The usual argument runs as follows: given $a\in\mathbb{H}$ and $p(x)$, divide $p(x)$ by $x-a$ to get $p(x) = q(x)(x-a) + r$, with $r$ constant. *Evaluating at $a$ we get $p(a) = q(a)(a-a)+r = r$, so $r=p(a)$. Hence $a$ is a root if and only if $(x-a)$ divides $p(x)$.*

If $b$ is a root of $p(x)$, $b\neq a$, then *evaluating at $b$ we have $0=p(b) = q(b)(b-a)$; since $b-a\neq 0$, then $q(b)=0$, so $b$ must be a root of $q$; since $\deg(q)=\deg(p)-1$, an inductive hypothesis tells us that $q(x)$ has at most $\deg(p)-1$ distinct roots, so $p$ has at most $\deg(p)$ roots.*

And *that* is where we are using commutativity: to go from $p(x) = q(x)(x-a)$ to $p(b) = q(b)(b-a)$.

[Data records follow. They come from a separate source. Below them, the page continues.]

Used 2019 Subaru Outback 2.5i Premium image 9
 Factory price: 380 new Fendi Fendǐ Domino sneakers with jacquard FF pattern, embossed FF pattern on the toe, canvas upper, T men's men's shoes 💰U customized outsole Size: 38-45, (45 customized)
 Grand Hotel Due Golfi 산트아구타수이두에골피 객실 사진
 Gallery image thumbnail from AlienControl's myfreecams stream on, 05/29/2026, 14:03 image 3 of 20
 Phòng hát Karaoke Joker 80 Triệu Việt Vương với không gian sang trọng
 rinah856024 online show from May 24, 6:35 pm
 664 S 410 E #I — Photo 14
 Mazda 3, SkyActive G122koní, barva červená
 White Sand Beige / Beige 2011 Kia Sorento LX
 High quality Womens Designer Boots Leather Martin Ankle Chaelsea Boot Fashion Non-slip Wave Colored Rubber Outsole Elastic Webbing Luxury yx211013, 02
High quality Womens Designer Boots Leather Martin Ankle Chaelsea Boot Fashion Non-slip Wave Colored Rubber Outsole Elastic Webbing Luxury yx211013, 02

Let $R$ be a ring, and let $a\in R$. Then $a$ induces a set-theoretic map from $R[x]$ to $R$, "evaluation at $a$", $\varepsilon_a\colon R[x]\to R$ by evaluation:
$$\varepsilon_a(b_0+b_1x+\cdots + b_nx^n) = b_0 + b_1a + \cdots + b_na^n.$$
This map is a group homomorphism, and *if* $a$ is central, also a ring homomorphism; if $a$ is *not* central, then it is *not* a ring homomorphism: given $b\in R$ such that $ab\neq ba$, then we have $bx = xb$ in $R[x]$, but $\varepsilon_a(x)\varepsilon_a(b) = ab\neq ba = \varepsilon_a(xb)$.

The "evaluation" map also induces a set theoretic map from $R[x]$ to $R^R$, the ring of all $R$-valued functions in $R$, with the pointwise addition and multiplication ($(f+g)(a) = f(a)+g(a)$, $(fg)(a) = f(a)g(a)$); the map sends $p(x)$ to the function $\mathfrak{p}\colon R\to R$ given by $\mathfrak{p}(a) = \varepsilon_a(p(x))$. This map is a group homomorphism, but it is *not* a ring homomorphism *unless* $R$ is commutative.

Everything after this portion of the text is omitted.